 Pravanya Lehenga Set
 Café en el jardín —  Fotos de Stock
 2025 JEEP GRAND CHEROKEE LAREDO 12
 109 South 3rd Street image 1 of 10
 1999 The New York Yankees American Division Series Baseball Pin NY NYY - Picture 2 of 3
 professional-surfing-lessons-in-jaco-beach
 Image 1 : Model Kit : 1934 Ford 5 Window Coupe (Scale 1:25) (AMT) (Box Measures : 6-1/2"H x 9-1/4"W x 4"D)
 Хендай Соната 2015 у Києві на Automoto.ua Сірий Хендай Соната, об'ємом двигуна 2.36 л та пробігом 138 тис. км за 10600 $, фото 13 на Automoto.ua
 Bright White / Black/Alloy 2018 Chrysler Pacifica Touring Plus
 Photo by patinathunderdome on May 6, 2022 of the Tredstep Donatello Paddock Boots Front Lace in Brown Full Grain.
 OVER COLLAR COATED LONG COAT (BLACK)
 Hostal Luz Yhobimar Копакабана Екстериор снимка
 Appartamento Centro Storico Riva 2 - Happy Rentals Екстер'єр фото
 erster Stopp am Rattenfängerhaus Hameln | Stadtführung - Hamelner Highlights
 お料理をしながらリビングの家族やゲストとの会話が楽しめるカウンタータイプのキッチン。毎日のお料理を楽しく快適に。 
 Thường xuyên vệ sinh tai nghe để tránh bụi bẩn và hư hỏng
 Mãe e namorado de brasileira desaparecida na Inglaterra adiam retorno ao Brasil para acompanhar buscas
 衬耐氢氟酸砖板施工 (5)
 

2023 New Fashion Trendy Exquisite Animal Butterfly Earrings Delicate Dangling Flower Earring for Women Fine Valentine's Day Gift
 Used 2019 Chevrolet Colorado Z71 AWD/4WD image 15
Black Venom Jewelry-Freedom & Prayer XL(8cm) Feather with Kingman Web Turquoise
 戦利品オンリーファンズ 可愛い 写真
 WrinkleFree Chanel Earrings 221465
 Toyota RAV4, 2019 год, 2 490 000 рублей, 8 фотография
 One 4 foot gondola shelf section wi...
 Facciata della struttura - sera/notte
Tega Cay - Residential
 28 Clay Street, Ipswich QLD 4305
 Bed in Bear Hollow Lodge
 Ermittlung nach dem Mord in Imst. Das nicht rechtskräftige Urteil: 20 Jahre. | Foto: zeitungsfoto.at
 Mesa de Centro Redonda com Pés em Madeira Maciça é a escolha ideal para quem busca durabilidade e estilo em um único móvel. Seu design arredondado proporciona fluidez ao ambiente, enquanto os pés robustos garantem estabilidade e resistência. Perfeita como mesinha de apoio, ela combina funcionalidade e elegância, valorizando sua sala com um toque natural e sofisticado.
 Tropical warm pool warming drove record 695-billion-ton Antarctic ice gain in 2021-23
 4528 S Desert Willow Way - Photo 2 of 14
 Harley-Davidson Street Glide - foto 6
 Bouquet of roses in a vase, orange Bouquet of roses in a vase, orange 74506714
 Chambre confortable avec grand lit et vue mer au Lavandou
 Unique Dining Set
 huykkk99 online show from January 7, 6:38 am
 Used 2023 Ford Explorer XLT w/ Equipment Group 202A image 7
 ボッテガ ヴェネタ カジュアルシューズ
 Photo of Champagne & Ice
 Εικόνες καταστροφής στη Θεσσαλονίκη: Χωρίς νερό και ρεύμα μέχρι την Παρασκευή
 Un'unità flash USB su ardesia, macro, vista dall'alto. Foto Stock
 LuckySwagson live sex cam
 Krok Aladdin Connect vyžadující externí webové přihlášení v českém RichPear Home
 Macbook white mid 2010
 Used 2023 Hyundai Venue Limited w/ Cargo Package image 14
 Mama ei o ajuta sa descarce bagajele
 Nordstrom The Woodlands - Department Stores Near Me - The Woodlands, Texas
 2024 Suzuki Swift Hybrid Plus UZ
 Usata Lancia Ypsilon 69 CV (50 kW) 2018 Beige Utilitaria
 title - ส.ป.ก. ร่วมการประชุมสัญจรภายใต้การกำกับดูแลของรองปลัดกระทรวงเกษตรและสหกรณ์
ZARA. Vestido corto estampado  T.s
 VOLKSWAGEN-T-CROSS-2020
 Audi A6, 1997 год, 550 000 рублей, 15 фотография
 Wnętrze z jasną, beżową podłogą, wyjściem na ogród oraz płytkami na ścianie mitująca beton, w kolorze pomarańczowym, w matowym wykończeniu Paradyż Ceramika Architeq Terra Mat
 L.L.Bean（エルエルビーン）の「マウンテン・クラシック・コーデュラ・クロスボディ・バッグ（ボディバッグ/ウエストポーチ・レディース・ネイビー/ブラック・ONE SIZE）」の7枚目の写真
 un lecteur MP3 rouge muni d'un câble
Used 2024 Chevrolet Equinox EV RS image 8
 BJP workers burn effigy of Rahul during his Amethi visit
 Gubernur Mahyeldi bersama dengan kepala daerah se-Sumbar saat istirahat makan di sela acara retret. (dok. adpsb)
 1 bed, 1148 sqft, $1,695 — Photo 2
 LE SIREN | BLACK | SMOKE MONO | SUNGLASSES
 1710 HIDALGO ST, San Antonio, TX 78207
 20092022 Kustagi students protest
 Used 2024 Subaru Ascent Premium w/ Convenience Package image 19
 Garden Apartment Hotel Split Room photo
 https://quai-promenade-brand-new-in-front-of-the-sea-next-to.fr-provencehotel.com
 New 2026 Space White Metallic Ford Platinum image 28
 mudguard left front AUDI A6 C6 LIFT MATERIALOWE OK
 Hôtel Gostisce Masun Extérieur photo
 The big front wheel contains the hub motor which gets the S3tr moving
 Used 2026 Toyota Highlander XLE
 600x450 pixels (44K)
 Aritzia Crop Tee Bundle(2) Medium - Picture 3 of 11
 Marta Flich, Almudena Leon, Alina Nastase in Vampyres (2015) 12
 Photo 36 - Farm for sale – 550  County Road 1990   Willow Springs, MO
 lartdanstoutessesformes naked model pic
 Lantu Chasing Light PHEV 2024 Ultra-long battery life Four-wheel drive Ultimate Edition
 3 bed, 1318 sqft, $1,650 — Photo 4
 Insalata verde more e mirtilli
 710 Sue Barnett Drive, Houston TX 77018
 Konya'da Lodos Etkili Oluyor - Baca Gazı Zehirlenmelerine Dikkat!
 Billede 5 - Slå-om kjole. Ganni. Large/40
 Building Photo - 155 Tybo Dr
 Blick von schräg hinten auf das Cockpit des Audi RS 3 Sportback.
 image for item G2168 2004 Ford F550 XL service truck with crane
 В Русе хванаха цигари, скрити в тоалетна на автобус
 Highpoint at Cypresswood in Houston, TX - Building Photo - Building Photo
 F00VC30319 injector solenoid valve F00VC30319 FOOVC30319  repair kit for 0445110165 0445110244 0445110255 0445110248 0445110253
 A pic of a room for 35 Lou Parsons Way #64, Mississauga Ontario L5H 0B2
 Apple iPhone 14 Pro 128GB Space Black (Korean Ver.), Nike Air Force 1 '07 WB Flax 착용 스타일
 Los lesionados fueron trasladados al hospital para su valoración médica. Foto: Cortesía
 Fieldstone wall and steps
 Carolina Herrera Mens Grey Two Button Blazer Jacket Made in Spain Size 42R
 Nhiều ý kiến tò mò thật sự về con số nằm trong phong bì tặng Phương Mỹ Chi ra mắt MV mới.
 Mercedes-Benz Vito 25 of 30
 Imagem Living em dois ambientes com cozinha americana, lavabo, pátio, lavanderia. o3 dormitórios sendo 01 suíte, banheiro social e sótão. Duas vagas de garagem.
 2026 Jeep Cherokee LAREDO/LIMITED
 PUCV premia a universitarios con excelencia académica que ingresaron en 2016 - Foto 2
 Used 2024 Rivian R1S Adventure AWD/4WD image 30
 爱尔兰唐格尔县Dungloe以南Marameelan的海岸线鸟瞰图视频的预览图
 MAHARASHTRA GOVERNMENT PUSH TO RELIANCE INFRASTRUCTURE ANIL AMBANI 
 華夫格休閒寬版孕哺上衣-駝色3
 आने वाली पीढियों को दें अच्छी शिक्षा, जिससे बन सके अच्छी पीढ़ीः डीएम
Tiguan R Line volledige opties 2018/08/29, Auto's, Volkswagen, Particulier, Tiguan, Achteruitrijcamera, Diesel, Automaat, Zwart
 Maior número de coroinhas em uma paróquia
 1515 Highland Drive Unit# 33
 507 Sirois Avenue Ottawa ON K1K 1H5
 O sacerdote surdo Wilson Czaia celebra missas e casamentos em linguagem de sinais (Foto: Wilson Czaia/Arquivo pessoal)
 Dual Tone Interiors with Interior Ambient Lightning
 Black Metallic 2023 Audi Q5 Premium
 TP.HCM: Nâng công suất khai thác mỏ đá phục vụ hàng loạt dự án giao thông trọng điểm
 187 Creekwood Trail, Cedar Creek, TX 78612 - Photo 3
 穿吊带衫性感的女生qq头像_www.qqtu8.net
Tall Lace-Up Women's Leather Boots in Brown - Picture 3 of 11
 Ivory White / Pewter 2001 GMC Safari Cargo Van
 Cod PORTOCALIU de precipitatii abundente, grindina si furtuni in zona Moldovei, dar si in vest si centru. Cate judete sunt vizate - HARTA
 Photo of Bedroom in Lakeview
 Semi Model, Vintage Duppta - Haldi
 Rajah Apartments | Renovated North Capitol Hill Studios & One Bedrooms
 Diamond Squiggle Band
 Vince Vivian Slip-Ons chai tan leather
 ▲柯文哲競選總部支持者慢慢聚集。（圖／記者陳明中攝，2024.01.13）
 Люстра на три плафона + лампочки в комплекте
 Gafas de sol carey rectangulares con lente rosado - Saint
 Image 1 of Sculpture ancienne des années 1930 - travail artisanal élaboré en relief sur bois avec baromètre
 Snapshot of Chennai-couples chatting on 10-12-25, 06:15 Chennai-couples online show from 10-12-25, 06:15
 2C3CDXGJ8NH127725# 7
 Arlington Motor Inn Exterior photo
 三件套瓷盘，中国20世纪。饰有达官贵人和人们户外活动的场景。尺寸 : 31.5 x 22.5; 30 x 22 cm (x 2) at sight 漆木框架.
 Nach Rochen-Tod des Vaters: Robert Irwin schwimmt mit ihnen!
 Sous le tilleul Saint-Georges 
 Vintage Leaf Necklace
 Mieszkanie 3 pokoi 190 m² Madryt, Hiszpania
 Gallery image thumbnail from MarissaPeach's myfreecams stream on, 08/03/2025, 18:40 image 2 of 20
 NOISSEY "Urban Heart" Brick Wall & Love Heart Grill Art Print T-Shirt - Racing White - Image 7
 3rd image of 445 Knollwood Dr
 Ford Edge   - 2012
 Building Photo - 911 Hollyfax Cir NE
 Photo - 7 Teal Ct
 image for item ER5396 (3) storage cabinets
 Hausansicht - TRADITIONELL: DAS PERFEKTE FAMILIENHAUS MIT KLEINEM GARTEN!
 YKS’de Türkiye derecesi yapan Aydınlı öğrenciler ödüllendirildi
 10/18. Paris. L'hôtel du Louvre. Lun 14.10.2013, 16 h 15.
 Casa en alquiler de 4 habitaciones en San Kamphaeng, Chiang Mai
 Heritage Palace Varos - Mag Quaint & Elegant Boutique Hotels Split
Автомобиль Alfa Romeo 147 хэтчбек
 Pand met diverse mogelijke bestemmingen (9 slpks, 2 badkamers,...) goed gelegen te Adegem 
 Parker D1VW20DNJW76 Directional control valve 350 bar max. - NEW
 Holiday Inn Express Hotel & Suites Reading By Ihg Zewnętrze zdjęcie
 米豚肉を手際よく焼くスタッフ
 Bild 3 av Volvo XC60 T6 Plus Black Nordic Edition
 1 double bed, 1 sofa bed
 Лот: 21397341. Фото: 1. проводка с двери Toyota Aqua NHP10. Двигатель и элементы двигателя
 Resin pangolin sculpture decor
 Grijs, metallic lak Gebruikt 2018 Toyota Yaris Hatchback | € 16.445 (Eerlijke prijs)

────────

TASK STATEMENT —
Quote the listing above, but only from the line that shows "ボッテガ ヴェネタ カジュアルシューズ" through the line that shows "Used 2024 Chevrolet Equinox EV RS image 8".

ANSWER SPACE —
 ボッテガ ヴェネタ カジュアルシューズ
 Photo of Champagne & Ice
 Εικόνες καταστροφής στη Θεσσαλονίκη: Χωρίς νερό και ρεύμα μέχρι την Παρασκευή
 Un'unità flash USB su ardesia, macro, vista dall'alto. Foto Stock
 LuckySwagson live sex cam
 Krok Aladdin Connect vyžadující externí webové přihlášení v českém RichPear Home
 Macbook white mid 2010
 Used 2023 Hyundai Venue Limited w/ Cargo Package image 14
 Mama ei o ajuta sa descarce bagajele
 Nordstrom The Woodlands - Department Stores Near Me - The Woodlands, Texas
 2024 Suzuki Swift Hybrid Plus UZ
 Usata Lancia Ypsilon 69 CV (50 kW) 2018 Beige Utilitaria
 title - ส.ป.ก. ร่วมการประชุมสัญจรภายใต้การกำกับดูแลของรองปลัดกระทรวงเกษตรและสหกรณ์
ZARA. Vestido corto estampado  T.s
 VOLKSWAGEN-T-CROSS-2020
 Audi A6, 1997 год, 550 000 рублей, 15 фотография
 Wnętrze z jasną, beżową podłogą, wyjściem na ogród oraz płytkami na ścianie mitująca beton, w kolorze pomarańczowym, w matowym wykończeniu Paradyż Ceramika Architeq Terra Mat
 L.L.Bean（エルエルビーン）の「マウンテン・クラシック・コーデュラ・クロスボディ・バッグ（ボディバッグ/ウエストポーチ・レディース・ネイビー/ブラック・ONE SIZE）」の7枚目の写真
 un lecteur MP3 rouge muni d'un câble
Used 2024 Chevrolet Equinox EV RS image 8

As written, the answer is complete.